WHAT IS BEING ASKED: If an entry below contains an image, drop the image and retype the rest exactly.
+ + +
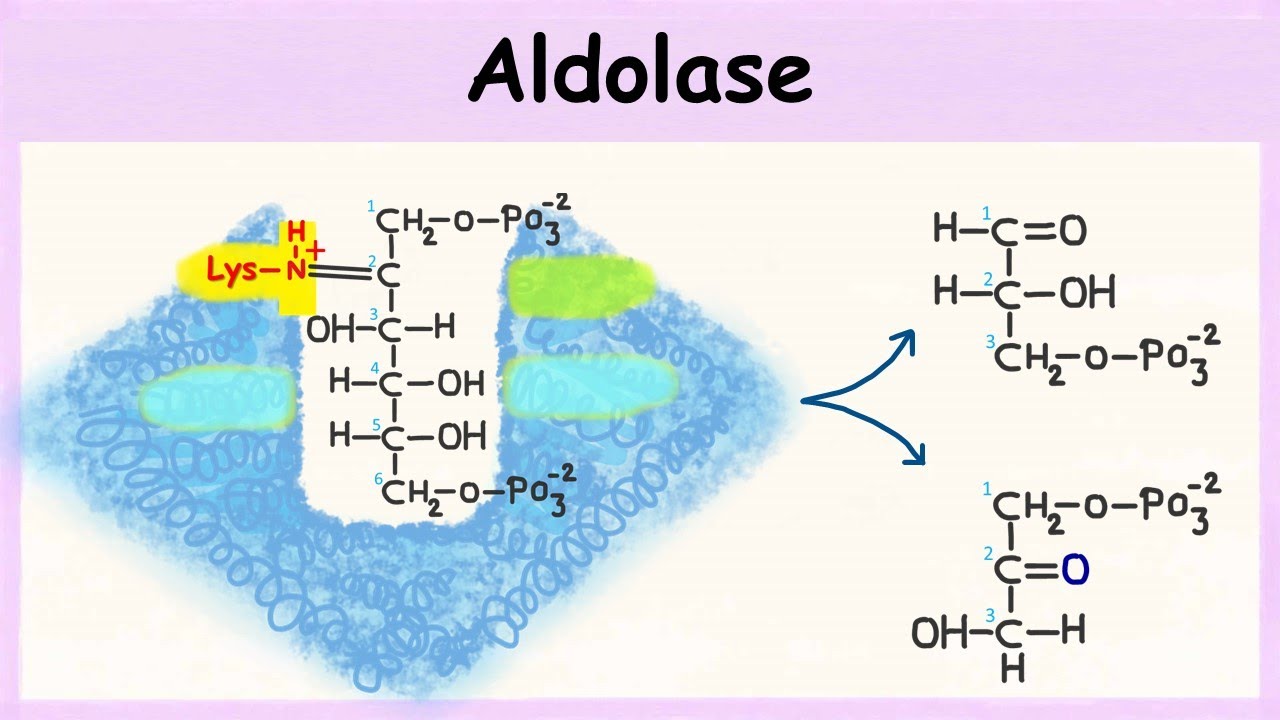 Aldolase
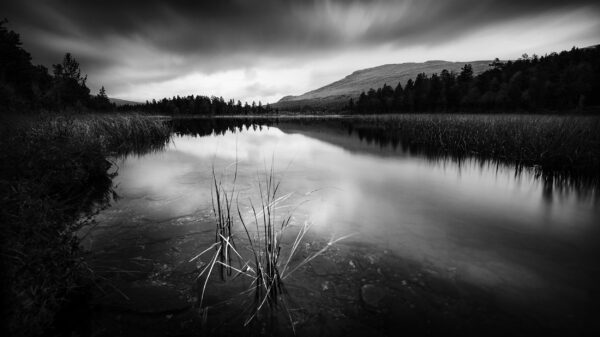 Rainy Lake, Dovrefjell Sunndalsfjella National Park, Norway, Black & White Phohography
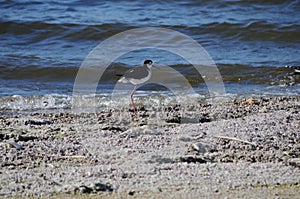 Black Necked Stilt at Salton Sea California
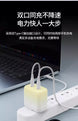 Pisen GaN PD+PPS 35W USB-C outputs x2 Charger - 3C Easy Markham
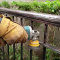 Removing RUST from metal structures | Balconies | Fences |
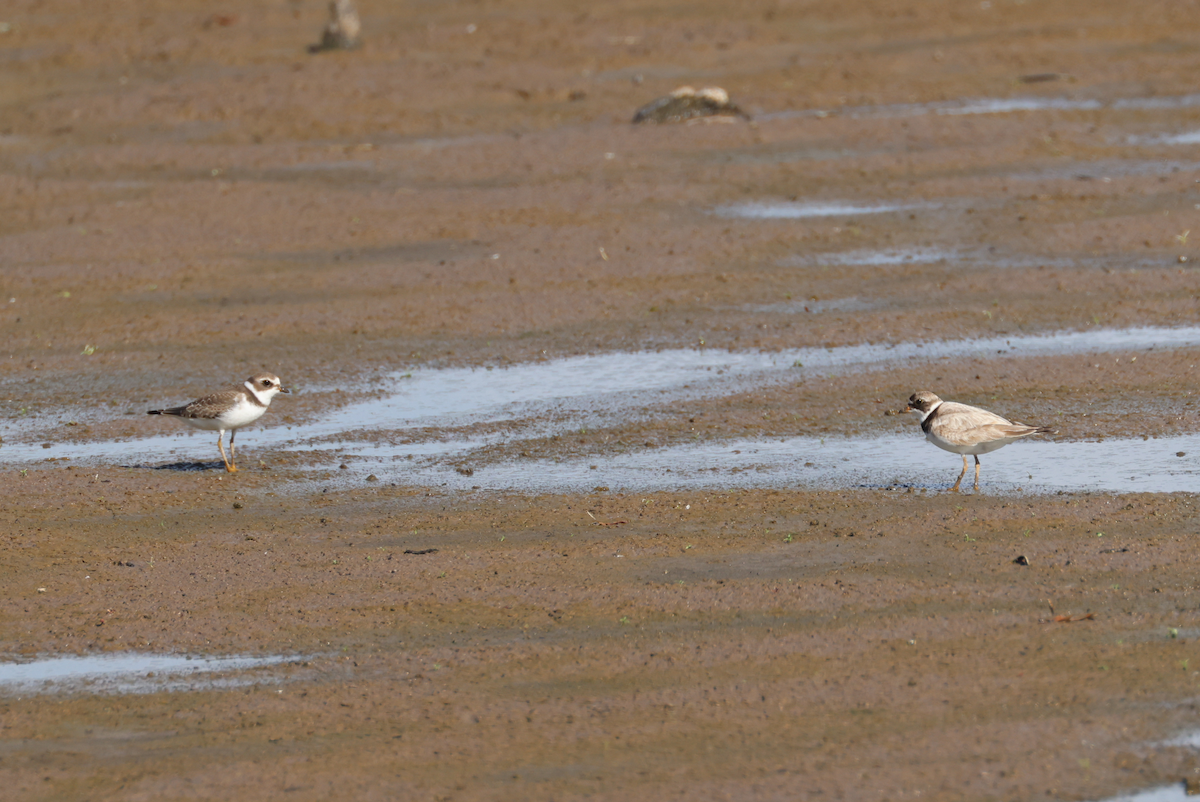 Semipalmated Plover - ML604182411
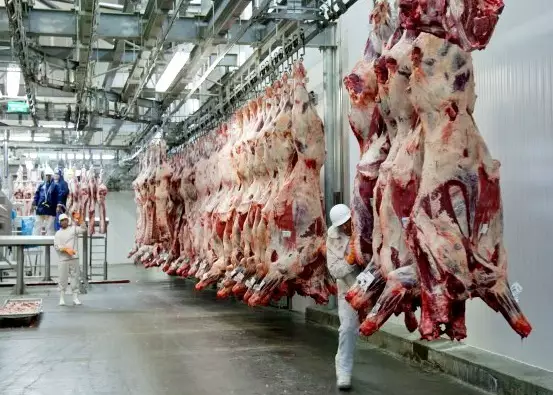 Exportações de carne bovina colocam Mato Grosso do Sul em destaque no mercado internacional em 2026 (Foto: reprodução)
+ + +
EXERCISE SOLUTION:
 Aldolase
 Rainy Lake, Dovrefjell Sunndalsfjella National Park, Norway, Black & White Phohography
 Black Necked Stilt at Salton Sea California
 Pisen GaN PD+PPS 35W USB-C outputs x2 Charger - 3C Easy Markham
 Removing RUST from metal structures | Balconies | Fences |
 Semipalmated Plover - ML604182411
 Exportações de carne bovina colocam Mato Grosso do Sul em destaque no mercado internacional em 2026 (Foto: reprodução)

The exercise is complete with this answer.